• _Task input_
+ + + +
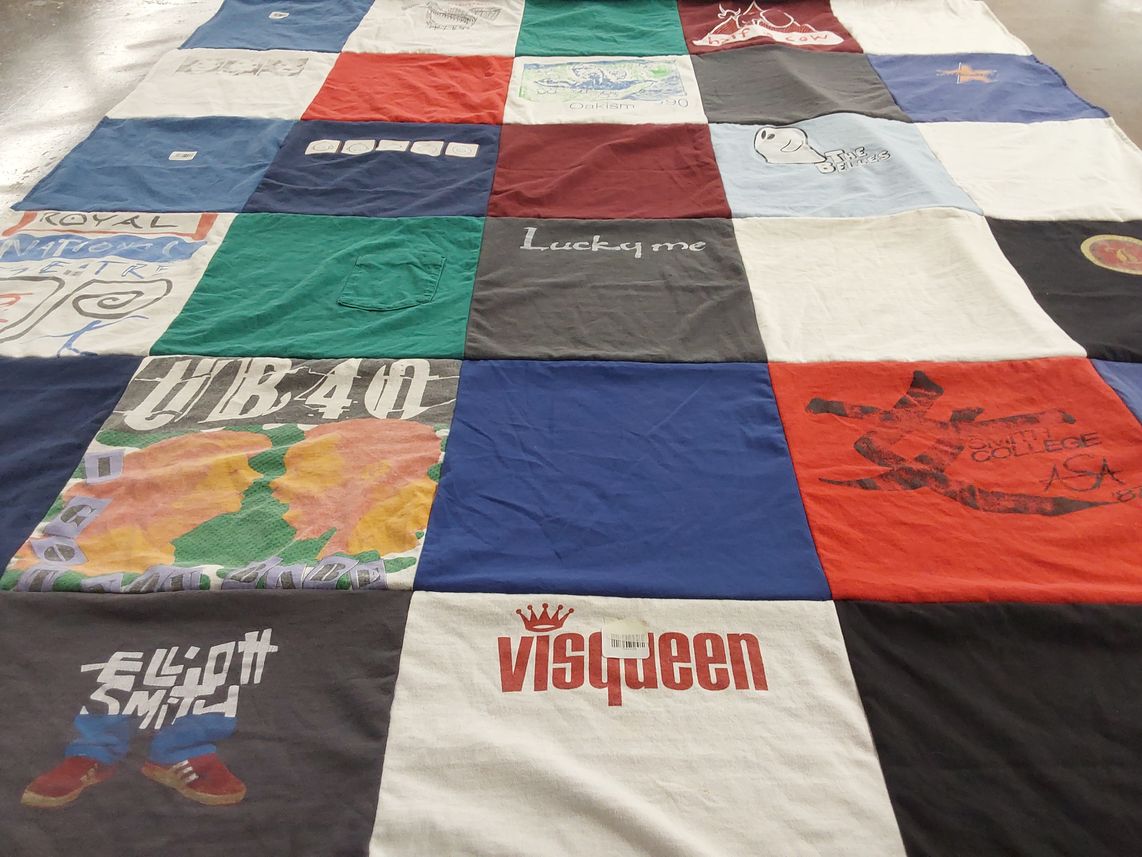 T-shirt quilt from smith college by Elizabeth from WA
+ + + +
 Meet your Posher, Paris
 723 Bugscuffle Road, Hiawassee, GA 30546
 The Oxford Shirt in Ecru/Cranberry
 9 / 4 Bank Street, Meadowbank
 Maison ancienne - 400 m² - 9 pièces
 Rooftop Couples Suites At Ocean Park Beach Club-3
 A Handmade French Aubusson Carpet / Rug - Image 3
+ + + +
• _What is expected_
The response should be the listing above, limited to the lines between the one holding "9 / 4 Bank Street, Meadowbank" and the one holding "A Handmade French", inclusive, reproduced exactly.

• _Written response_
 9 / 4 Bank Street, Meadowbank
 Maison ancienne - 400 m² - 9 pièces
 Rooftop Couples Suites At Ocean Park Beach Club-3
 A Handmade French Aubusson Carpet / Rug - Image 3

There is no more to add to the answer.